Pola ini kemudian saya refleksikan. Kesimpulannya, menurutku orang tua bisa mempertahankan ekonomi keluarga dengan cara mengolah kebutuhan rumah tangga sambil tetap mendorong anak untuk memiliki kemandirian ekonomi.
Tidak bisa dimungkiri, langkah awal yang bisa dilakukan untuk menurunkan angka perkawinan anak yaitu pola asuh orang tua. Pola asuh yang diwariskan orang tua ke anak sejak balita, semestinya berpihak terhadap kebutuhan dan keinginan anak.
Berikan perhatian sederhana yang melahirkan komunikasi hangat antara orang tua dan anak. Berikan edukasi seksual sesuai usia perkembangan agar anak memahami bagian reproduksi mana yang harus dijaga kebersihannya dan bagian mana yang tidak boleh disentuh oleh orang lain. Ajarkan anak untuk mengambil keputusan sendiri sejak dini dengan menawarkan opsi ketika orang tua memiliki keinginan.
Hal-hal berkualitas yang dilakukan sejak dini dapat membentuk anak memiliki kecakapan berpikir yang mumpuni. Didikan anak yang sudah terarah sejak dini dapat membantu anak berani menyampaikan pendapat ketika orang tua mengajak diskusi.

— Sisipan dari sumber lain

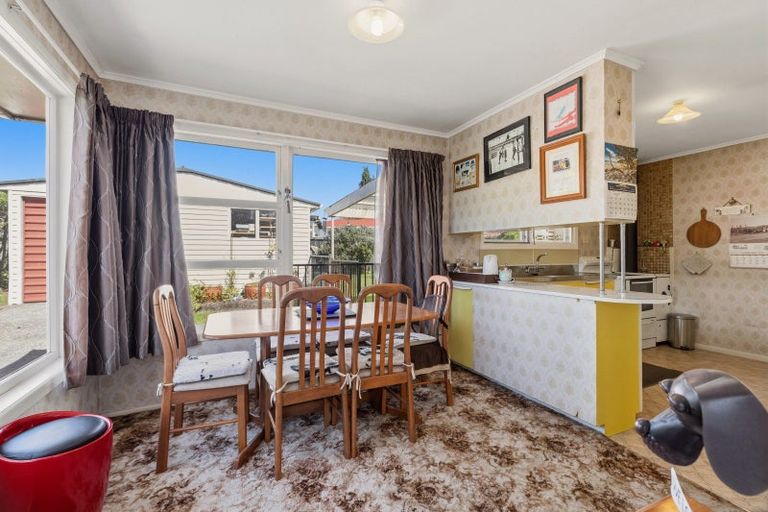 Photo of property in 13 Kenmore Place, Tokoroa, 3420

Hindari menjadi orang tua yang egois dan mengabaikan impian anak hanya untuk memenuhi keinginan orang tua, apalagi dalam keputusan pernikahan. Sebab, ketika anak sudah dipaksa menikah, ia tidak memiliki pelukan yang amat dalam untuk bercerita. Hak-haknya semakin terancam punah termasuk mimpi-mimpinya. Apa bisa kita berharap pada generasi masa depan yang berkualitas dengan kondisi ini?